今 月 の こ と ば
2017年07月
神様の訪れ

   インドの信心深いブラーマンは、朝、昼、晩と毎日、隣の神殿へ行って神に供え物を捧げてから、暫く祈りの時間をとる習慣がありました。ある日、彼は熱心に神に「神様、何年も前から私は忠実に、聖なるガンジス川の水で体を清めてから、一日に三回ここに来て、あなたを訪れています。そして来るたびに、私はあなたに供え物を捧げます。ですからお願いです、せめて私の家を訪れてくださいませんか。一度いいですから」と神に願いました。神はブラーマンの祈りに耳を傾け「はい、では必ず、明日あなたの家を訪ねます」と答えました。幸せな気持ちになったブラーマンは、家に早く戻り、自分の家の大掃除をし、壁に宗教的な飾りをかけ、門のところにマンゴーの木の葉っぱのガーランドを飾りました。そして神へご馳走としてテーブルの上に様々な果物や山盛りの甘いケーキを準備し、香りの良い花を活けました。確かに、神を歓迎するために、このブラーマンの用意は完璧でした。

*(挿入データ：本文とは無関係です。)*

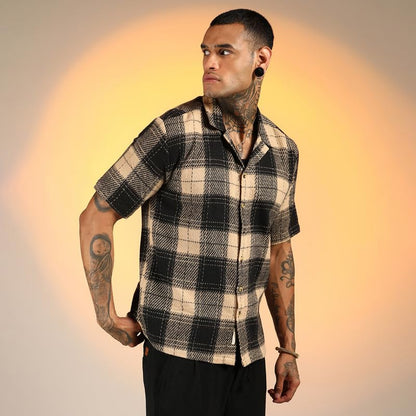 Campus Sutra Mens Black & Beige Tartan Resort Oversized Shirt for Casual Wear | Cuban Collar | Short Sleeve | Button Closure |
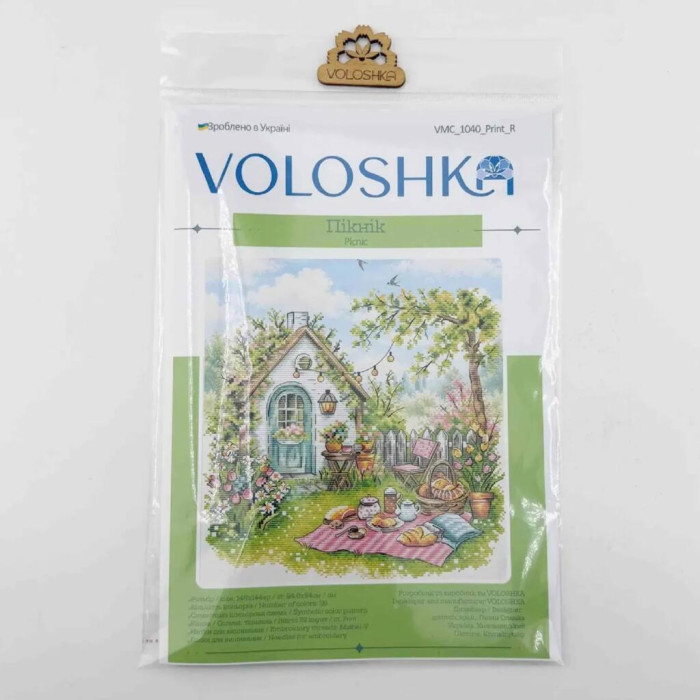 VMC_1040_Print_A Voloshka Набір для вишивки рахунковим хрестиком - Пікнік 24,6x24 см, Aida 16 (канва з фоном)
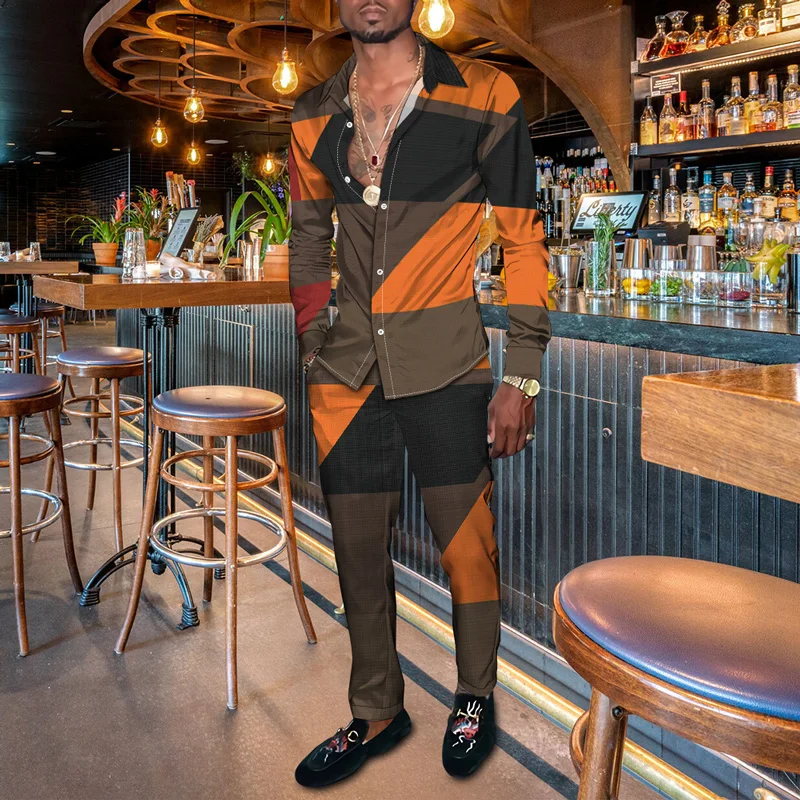 Free shipping men's shirt+pants with checkered pattern in the same color 3D printed men's set, 2 pieces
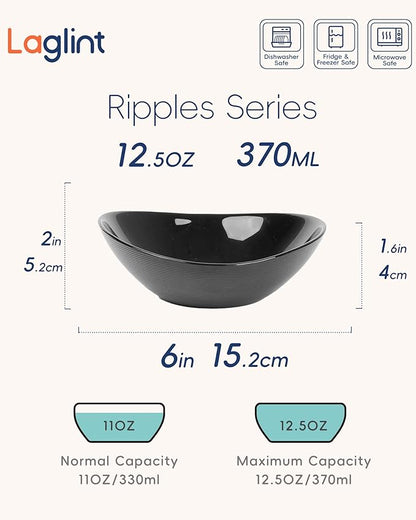 12 OZ Bowl Set of 6, Opal Glass 6 inch Oval Small Ice Cream Bowls for Breakfast Snack Dessert, Side Dishes, Fruit Kitchen, Microwave & Dishwasher Safe, Black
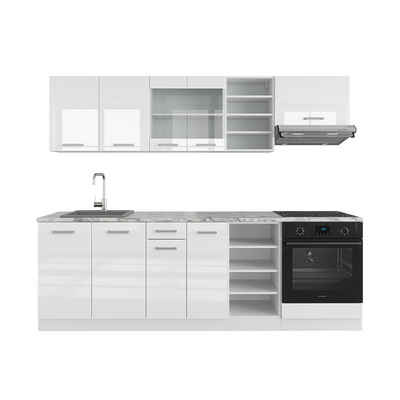 Vicco Küchenzeile R-Line, Weiß Hochglanz/Weiß, Ohne Arbeitsplatten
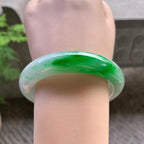 细糯种飘阳绿平安镯（57mm）（yc202376）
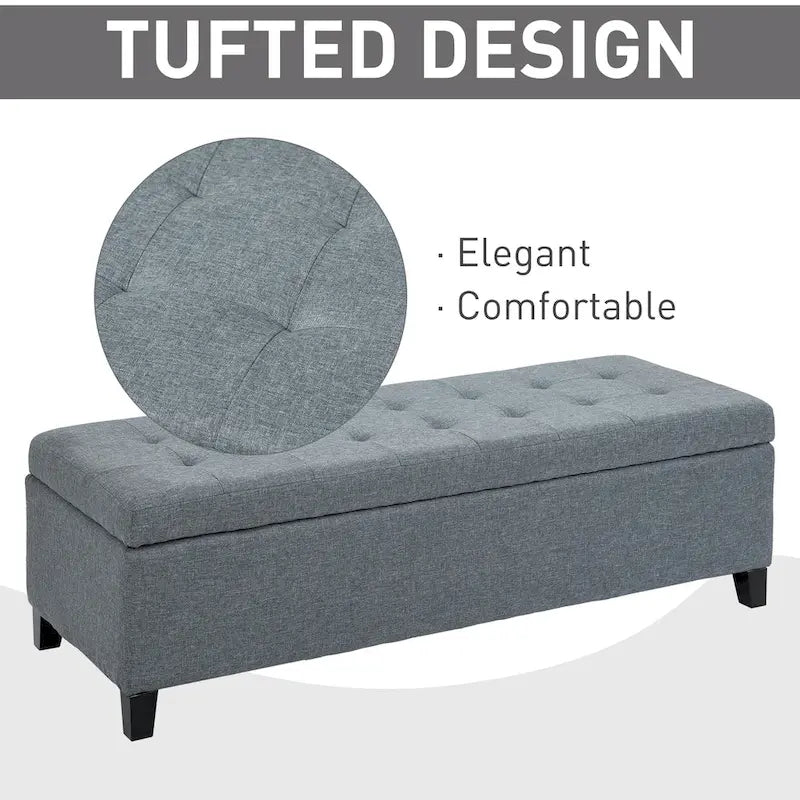 Banc Ottoman de Rangement Capitonnée en Tissu de 51 Pouces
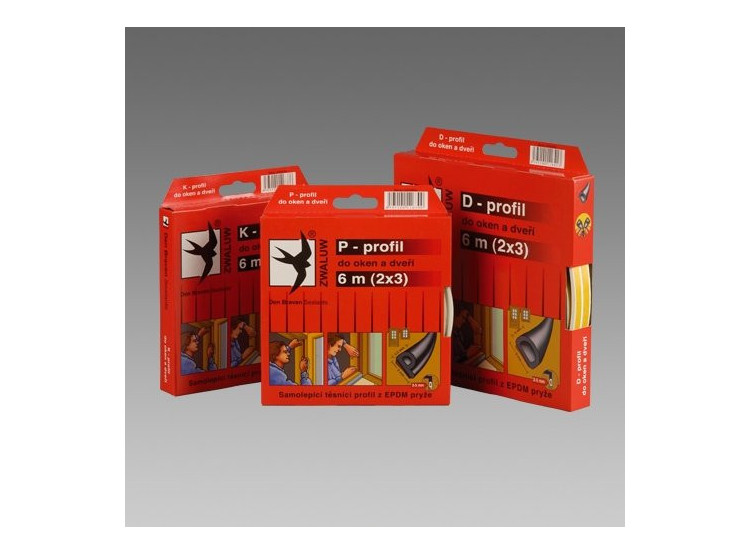 Těsnění D - profil 9 mm x 6 mm x 100 m hnědé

  神が来られる日、朝早く起きた信心深いブラーマンは、自分の家の門の前に立っていました。朝の祈りの時間に6~7歳の一人の少年が通り過ぎながら、ブラーマンの家の窓から匂って来る美味しそうな山盛りの甘いケーキを見て「ぼくは、昨日から何も食べていません、ケーキを一つ食べさせてください」と手を出しながら願いました。ブラーマンは「さぁ、さぁ、あっちへ行って。邪魔するな。あれは神のもので、君のためではない」と叫びました。少年が動こうとしなかったので、ブラーマンは怒って箒でこの少年を追い出しました。すると、ちょうどその時、朝の祈りの終わりを告げる神殿の鐘が鳴りました。「神は忙しいので、きっと昼の祈りの時に来られるでしょう」とブラーマンは考えました。朝からずっと立っていたので、足が棒のように疲れ果て、彼は家の前にあるベンチに座りました。

  昼の祈りの時に、汚い服を着た物乞いの人がブラーマンの家に近寄りました。「どうか、神の名によって、私をあわれんで、何か施し物をください」と願いました。ブラーマンは自分の箒を掴んで、それをぐるぐる回しながら 直ぐその物乞いの人を追い出しました。そして彼が立っていた所が汚れてしまったので、大量の水で洗い流しました。すると、ちょうど昼の祈りが終わりを告げる神殿の鐘が鳴りました。そして「きっと、昼間は暑いから、夜涼しくなってから、神は来られるでしょう」とブラーマンは考えました。

  やがて夜が来ました。神の来られるのを待ち望んでいるブラーマンは、段々寂しくなってきました。隣の神殿の鐘が晩の祈りの時を告げた時、一日中歩いて疲れ果てたある巡礼者がブラーマンの家の前にある木のベンチに座り、「少し休憩させてください。もし可能であれば、このベンチの上で夜を過ごして寝ることを許してくださいませんか」と頼みました。それを聞いたブラーマンは「とんでもないことです。このベンチはもう直ぐ来られる神のための物です。さあ、立ってあちらへ行って。邪魔するな」と言って、自分の箒で巡礼者を脅しながら彼を追い出しました。それから何時間も暗い夜の間中、ブラーマンは神の訪れを期待して待っていましたが、神は来られませんでした。

  次の朝、いつもの通り、ブラーマンは体を清めて、供え物を持って朝の祈りのために神殿に行きました。神の像の前にひれ伏した彼は、熱い涙を流しながら「神様、約束なさったのにどうして私の家を訪れてくださらなかったのですか」とわめきました。すると神は「私は三回行きましたよ。しかし、あなたは箒で私を三回とも追い出しましたよ」と彼に答えました。

 「この最も小さい者の一人にしたのは、わたしにしてくれたことなのである」(マタイ25,40)とイエスは教えました。神のために何でもしてあげると思っている私たちは、日常生活で出会う人に対して、神に対すると同じ気持ちと決意を持っていないことは明らかです。祈り、節制、断食、施しをするのは簡単ですが、思いがけない時に、急に訪れる人を大切にすることは至難の業です。この物語はそれを思い起こさせます。ですから、日々の生活の中で人を通して私たちのもとを訪れる神に気付いて、決して追い出すことのないようによく気をつけましょう。